Uzun yıllar önce Sadık Yemni ile yaptığım röportajda kendisine yazdıklarımı gösterdiğimde bana böyle demişti "pistte dolanan ve havalanamayan uçak gibisiniz Elvan Hanım." Ondan birkaç yıl evvel de Lütfü Kotaş demişti "sana yaklaşanı da, kendini yakıp kül edeceksin!"
Sahi kimim ben? Neden bu hayattayım ve ne istiyorum?
Herkesin bir tanımı, memnuniyeti veya memnuniyesizliği var benimle ilgili. İyi de o sen dedikleri, ben sandıkları kim ola?
Herkes çok büyük işler için gelmiş olamaz dünyaya, belki ben sadece öylesine, geçerken uğramışımdır? Olamaz mı? İlla kocaman bişi yapmalı mıydım? Daha zengin mi olsaydım? Hiç inanmadığım bir sistemde okulda mı kalsaydım? Herifin biriyle ittir kaktır bir aile mi kuraydım? Ne?
Bunlar egomum sesleri, ben çok iyi biliyorum ki hep defanstayım. Oysa gayet farkındayım tembelliğimin, dikkat dağınıklığımın. Daha çok yazmalıydım. Hep yazmalıydım. Kelimelere daha sıkı tutunmalıydım. Yapmadım.
Benden geriye ne kalacak?

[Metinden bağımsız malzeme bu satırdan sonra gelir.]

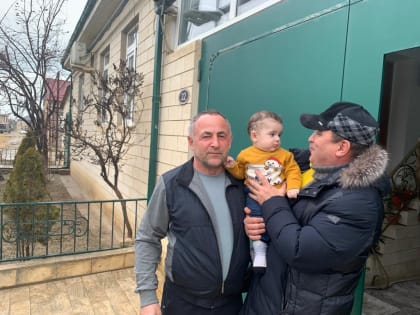 в День защитников Отечества, депутаты городского Собрания депутатов вместе с депутатами Молодёжного парламента посетили семьи погибших в СВО дербентцев.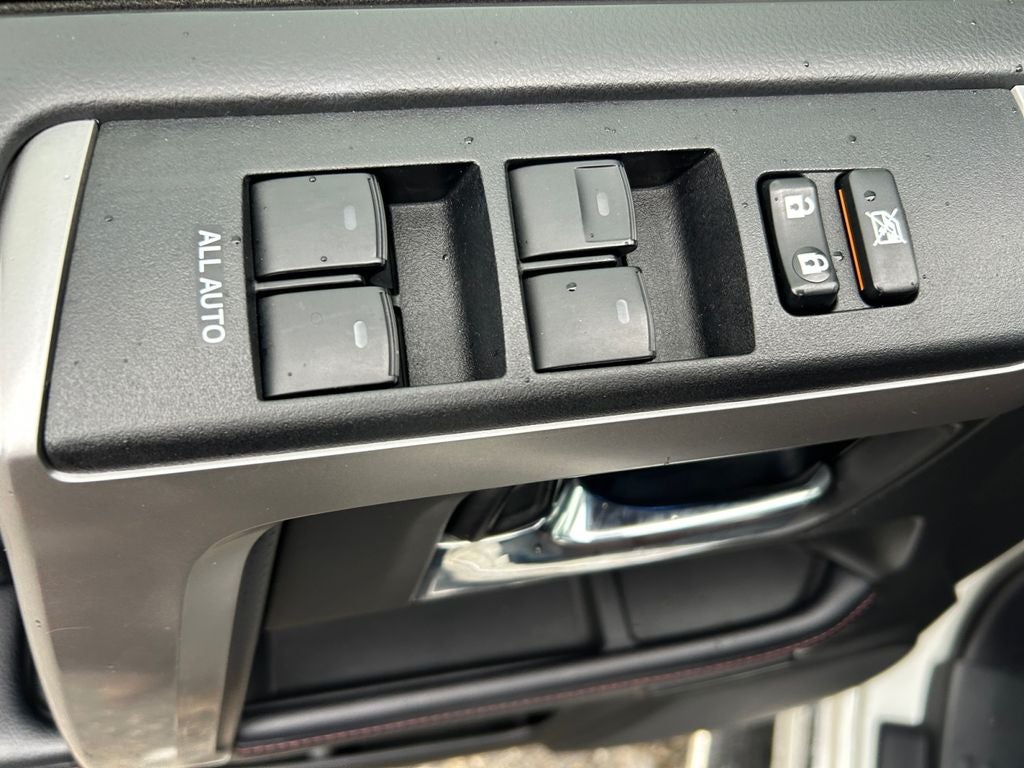 2018 Toyota 4RUNNER Limited 1 Owner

Birkaç gülümseyen çocuk, bir o kadar sokak kedisi, bir iki dostluk.
Artık kendini ve etrafındakileri küle çeviren bir pervane değilim. Ama hala yazdıklarını daha iyi kılmaktan korktuğu, tembellik ettiği için pistlerde yakıt harcayan bir uçağım. Bu blog benim dolandığım pist değilse ne?